Yu Kwok-chun, member of the 11th CPPCC National Committee and General Manager of Hong Kong Yue Hwa Chinese Products Emporium Ltd.

Chinese small and medium-sized enterprises (SMEs) employ the majority of workers-three out of four. They are also a big contributor to GDP growth. Now, with a shaky employment landscape in sight, policymakers are painfully aware of the importance of keeping smaller businesses afloat. But the question is how to warm up their souring business mood while overseas markets continue to buckle. Personally, I believe the following measures could be instrumental in aiding the beleaguered SMEs.

First, the government should prompt commercial banks to increase financing support to vulnerable SMEs whose supply chains have broken down because of a lack of cash. The banks' willingness to lend to SMEs is at its lowest level because of a risk-averse sentiment amid the downturns.
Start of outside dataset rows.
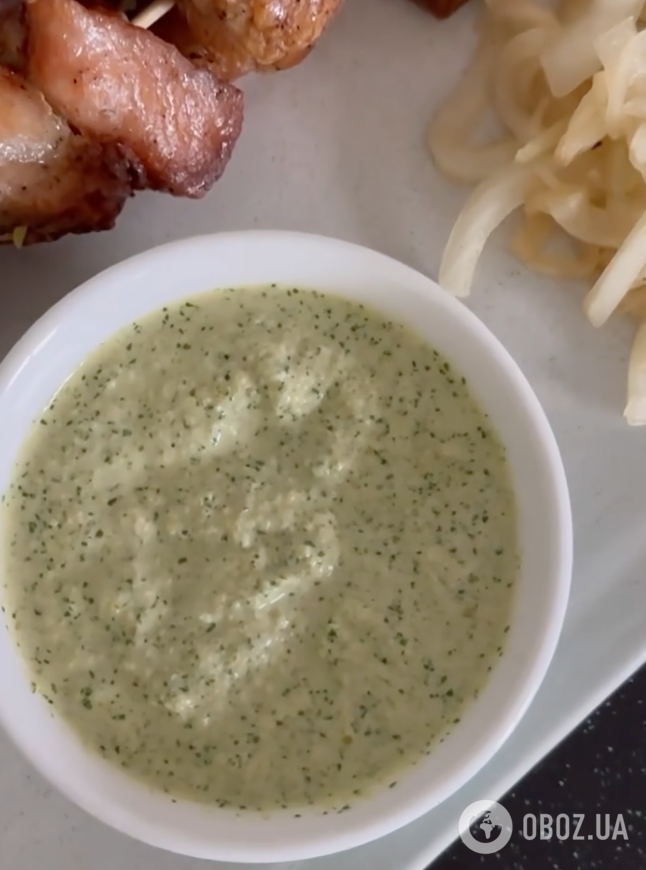 Идеально к мясу и рыбе: вкусный соус из оливок за 2 минуты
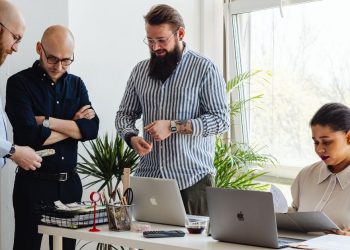 El Gobierno de Ceuta lanza un programa para jóvenes emprendedores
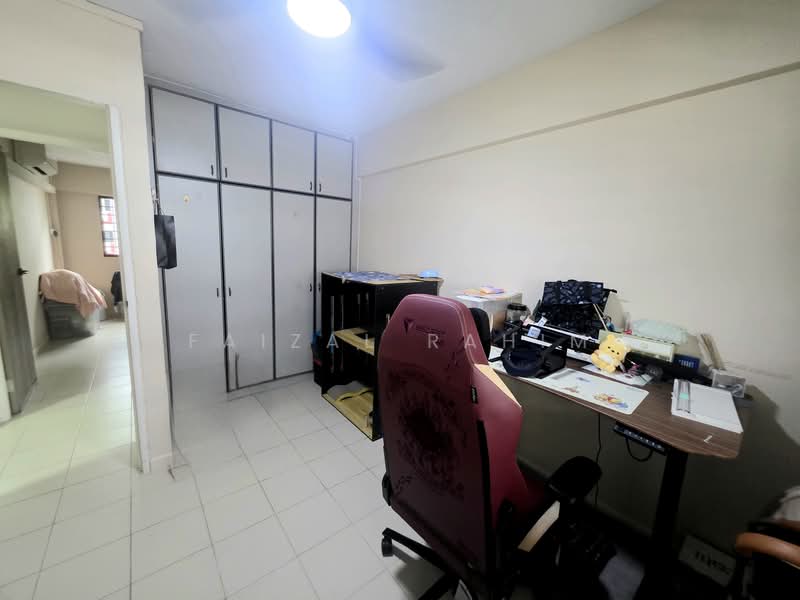 655 Yishun Avenue 4 HDB Flat For Sale at S$ 480,000 | PropertyGuru Singapore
Other options available include improving the guarantee system for funding SMEs and pushing ahead with the development of rural banks and microcredit.

Second, SMEs should be offered a chance to participate in the massive infrastructure projects that will generate juicy returns.

Third, the SMEs themselves should also make efforts to innovate their outdated technologies and old management modes so they are not forced out of the market in cutthroat competition. Meanwhile, they should also attach importance to brand promotion for a firm foothold at home and abroad.

Fourth, SMEs should be responsible for strengthening vocational training for their employees. This would help mitigate employment stress and also benefit the enterprises.